Once added, your custom AI appears in the Worker Bees list alongside the built-in providers. It can be toggled on or off between rounds, used as a Builder, and removed at any time. Custom AIs are saved in your browser and will still be there when you reload WaxFrame.
You need at least two AIs with saved keys to run a round. If you're using only custom AIs (for example, in an internal-only deployment), add at least two before trying to continue to Project Setup.
Every AI reads your goal before touching your document. It tells them what the document is, who it's for, what it should and shouldn't include, and what outcome you need. A vague goal produces a vague document. A specific goal produces something you can actually use.
The Project screen is where you enter your goal. You'll also paste your document here if you already have a draft. If you're starting from scratch, leave the document area empty.
Too vague "Compare wireless platforms for our company."
Much better "Create a technical comparison of enterprise wireless networking platforms — HPE Aruba, Cisco Meraki, Juniper Mist, and Extreme Networks. Audience is our IT infrastructure team evaluating a campus refresh. Scope is strictly wireless: access points, controllers, cloud management, and licensing. Do not include switching, routing, or security products. The output should help the team make a shortlist recommendation."
The first 300 characters of your goal are sent to every AI as active context in every round. A counter next to the goal field turns amber when you pass that threshold — put your most essential instructions in those first 300 characters.

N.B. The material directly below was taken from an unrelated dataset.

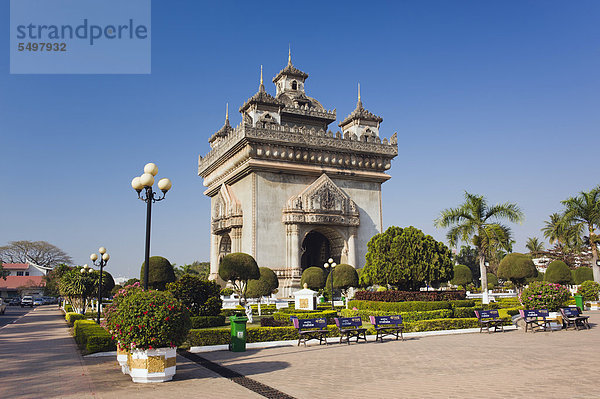 Triumphbogen  Patuxai  Vientiane  Laos  Indochina  Südostasien  Asien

Paste your existing document into the document field below the goal. WaxFrame will treat this as your starting point and all rounds will refine what's there — it won't generate a fresh draft from scratch.
Once your goal is written and you've moved to the Work screen, click Start Round. You'll see each AI light up as it works — they all run at the same time, so having more AIs doesn't mean it takes longer.

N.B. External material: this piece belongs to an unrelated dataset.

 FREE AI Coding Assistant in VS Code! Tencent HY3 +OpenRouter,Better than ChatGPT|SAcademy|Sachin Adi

Your first round is a Draft round. Your complete goal is sent to every AI and they each write a first draft. The Builder then reads all the drafts, combines the best elements, flags anything the AIs disagreed on, and produces the first version of your document.

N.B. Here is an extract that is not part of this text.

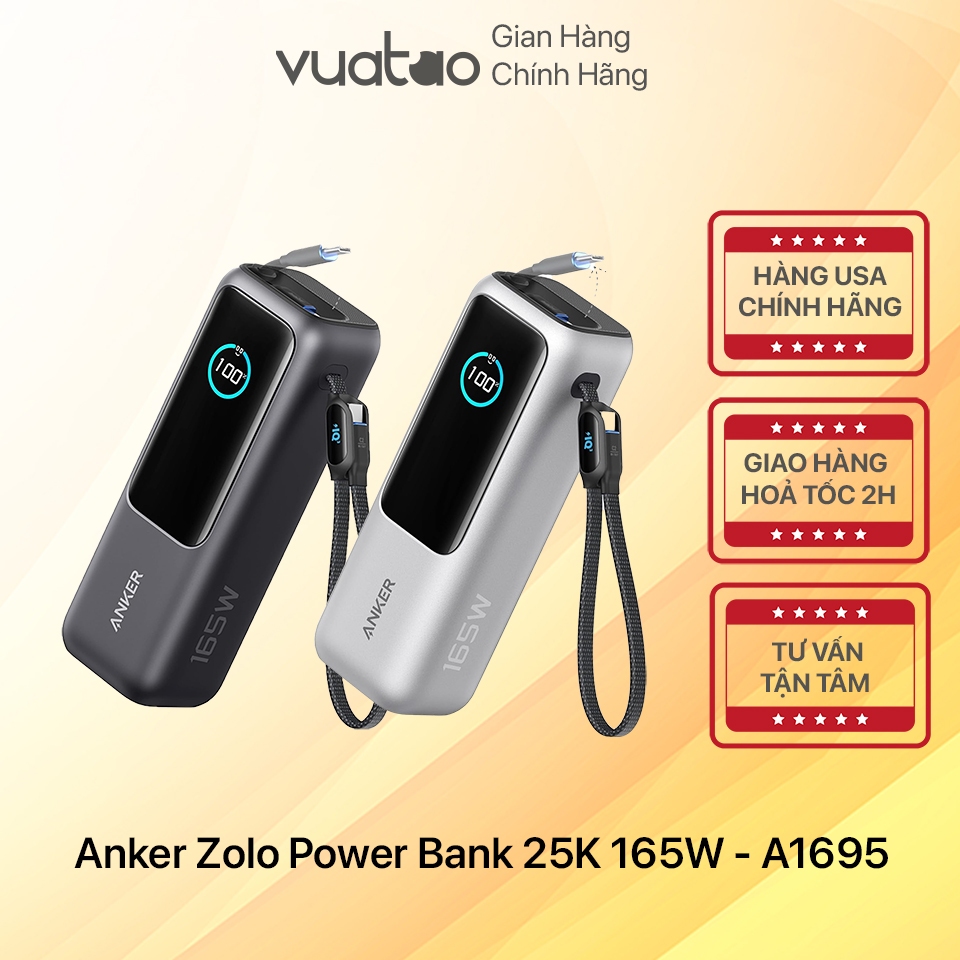 [HOẢ TỐC] Pin dự phòng Anker Zolo Power Bank 25000mAh 165W - A1695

This typically takes 1–3 minutes depending on how many AIs you're using and how large your document is.
The working document — your document as it stands after this round. You can read and edit it directly.
The Suggestions panel — a list of what each AI suggested. You can read through these to understand what the reviewers were thinking.
The Conflicts panel — any points the Builder couldn't resolve on its own. These need your attention before the next round. See Step 4.
Before you run another round, read the document. Is it going in roughly the right direction? Does the scope look correct? Is the tone right?
If the first draft is way off — wrong scope, wrong format, wrong tone — don't keep running rounds on a bad foundation. Fix the goal first, then run Round 2. See When Things Go Wrong.
If the document looks directionally correct — even if it still needs a lot of work — continue to Step 4.
A conflict happens when two or more AIs disagreed on something and the Builder couldn't confidently pick a winner. Rather than make an arbitrary call, it flags it in the Conflicts panel and asks you to decide.
There are two types:
User Decision The Builder is stuck and needs your input. It won't proceed on this point until you weigh in — these take priority.
Builder Decision The Builder made a judgment call and kept moving. It's showing you what it chose in case you disagree.
Each conflict card shows you the current text and the alternatives the AIs suggested. You have three options:
Click the Current: text on any conflict card to jump straight to that line in the working document and highlight it — useful when you need to see the surrounding context before deciding.
Once you resolve a conflict, your decision is locked in. The AIs won't re-raise that point in future rounds — the hive treats your choice as final. This prevents the same debate from surfacing round after round.
⚠️ Note on Grok: Grok has a tendency to re-raise points you've already resolved. The conflict system handles most of these automatically. If it keeps looping on a settled point across multiple rounds, toggle Grok off from the Work screen for the rest of the session — its suggestions are most valuable in early rounds anyway.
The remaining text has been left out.